Guillermo del Toro may be in line to direct 'The Hobbit' films, but his film 'Pan's Labyrinth' is also up for a BBC Four World Cinema Award

What do awards mean to you as a filmmaker?
Well, I love it when a movie connects with an audience, and that audience includes people giving awards. Emmy, Accademy, or any of the festivals and so forth. They mean a lot when they happen, but I’m pretty casual about it when they don’t.

It’s very beautiful, especially that this is happening at the time it is, which is almost a year after the theatrical release of ‘Pan’s Labyrinth’. In this instance, it’s a way of keeping the movie alive in some way.

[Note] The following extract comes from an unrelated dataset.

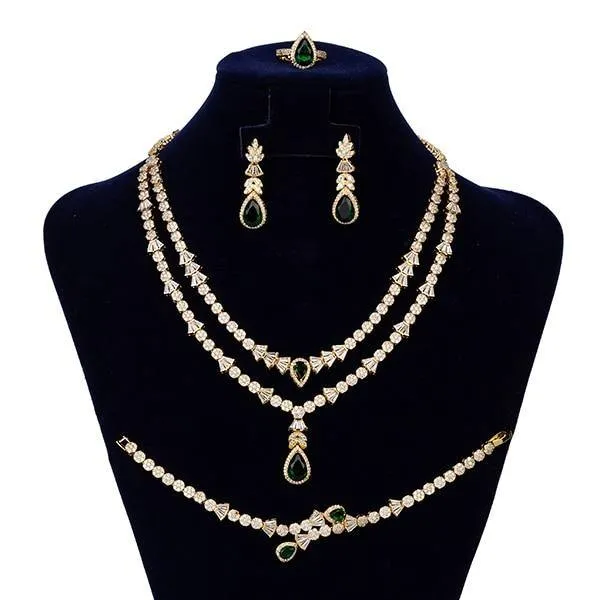 Gorgeous Necklace Earrings Ring Bracelet Bridal Set AAAA  CZ Diamonds Crystals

You’re nominated for the BBC World Cinema Award. Do you consider yourself an arthouse or a mainstream director at heart?
I see myself as a perennial expatriate, because frankly, I don’t think I fit comfortably in any conventional form of filmmaking and I feel at the same time, depending on the project, I fit into many different ones.

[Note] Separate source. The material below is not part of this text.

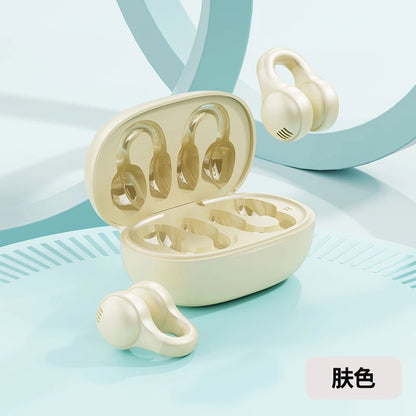 New Bluetooth Earphones Mirror-Style Digital Display Soft Silicone Ear Clip Wireless Headphone HD Noise Reduction Sports Headset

If you ask me, I alternate between truly bizarre, what you would call ‘Hollywood’ movies and truly bizarre, what you would call ‘arthouse’ movies. But, then again, I don’t feel the movies fit perfectly in either one of them. The same question would be, am I a Spanish filmmaker, a Mexican filmmaker, a Hollywood filmmaker? I feel I’m just a filmmaker who is hopefully equally at odds with all of the above definitions.

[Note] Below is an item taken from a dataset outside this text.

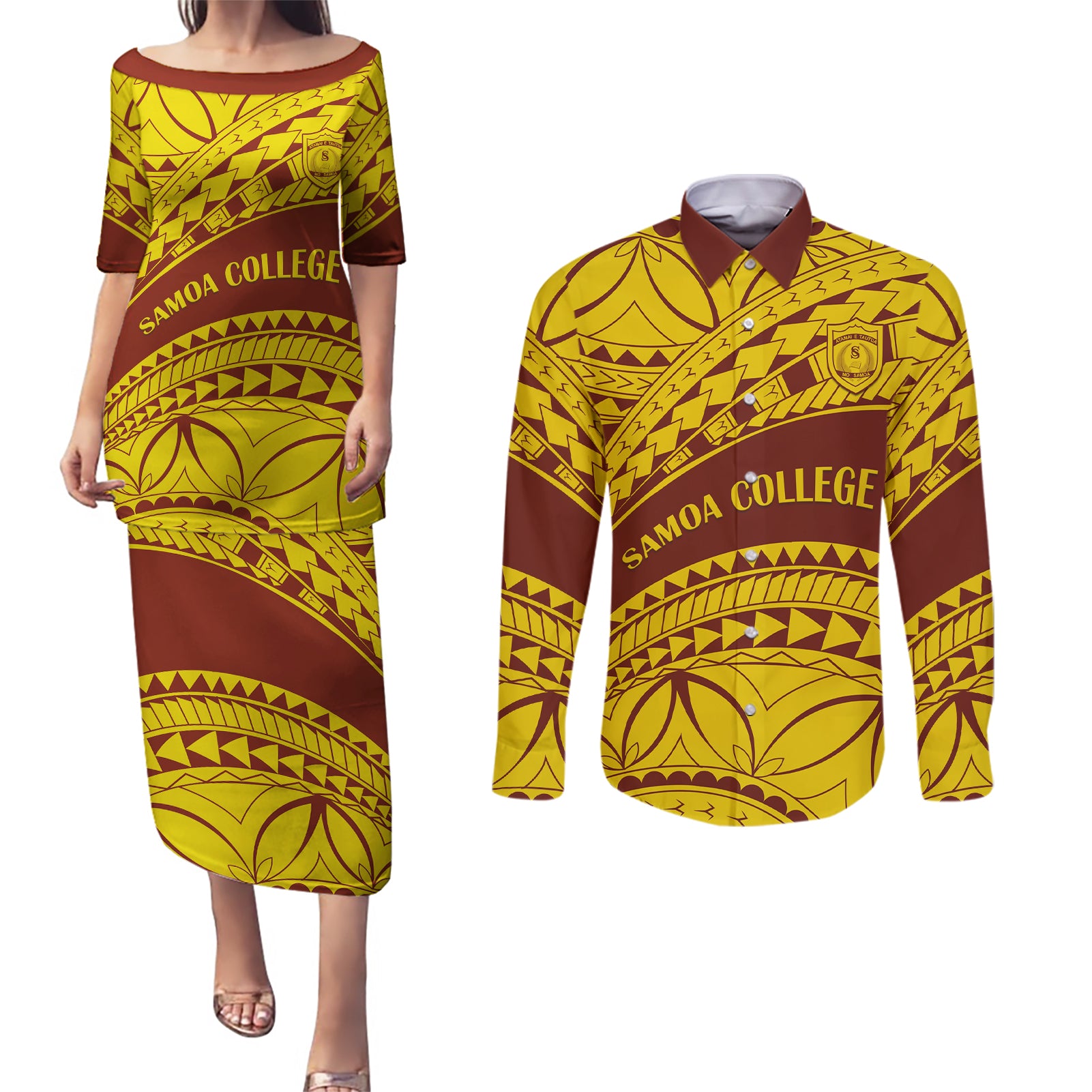 Personalised Samoa College Couples Matching Puletasi Dress and Long Sleeve Button Shirt Samoan Pattern LT14 Gold - Polynesian Pride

Within the fantasy and horror films you have made so far, many have noted that you have a great handle over human emotion. Do you have any plans to ditch the effects and make a straight, realist drama?
I’m not that interested in recreating reality. I’m interested in recreating an emotional truth. You can find these truths in tales that are highly stylised, both in content and presentation. I’m more interested in truth than in reality.

One of your best-loved films is your debut ‘Cronos’. Since the success of ‘Hellboy’ and ‘Pan’s Labyrinth’, have you been approached to remake these early Spanish-language films in English?
Yes, I’ve been approached to sell the remake rights of all three of my Spanish films and I have not agreed to sell them. To me they are artefacts. I am in the fortunate position of being the producer, or one of the main producers, of those films, so I control the rights and I don’t want them to be remade for that reason. I think that they cannot be made universal in that way.

I don’t mind anyone remaking any of my Hollywood efforts, because they are comfortably sat within one genre or another. For me, ‘Cronos’ is and it isn’t a vampire movie; ‘Devil’s Backbone’ is and it isn’t a ghost story; and ‘Pan’s Labyrinth’ is and it isn’t a fantasy film. I don’t want them to be homogenised into a genre.

The context and the setting is key in all of those films.
Yes, I think that one of the things that Hitchcock always said was that to be universal, you have to be very specific. You have to be very particular about where and when and why your film is happening at the places and the times that it is.

The Pioneer BBC Four World Cinema Awards 2008 will be broadcast on BBC Four at 9.10pm on February 2.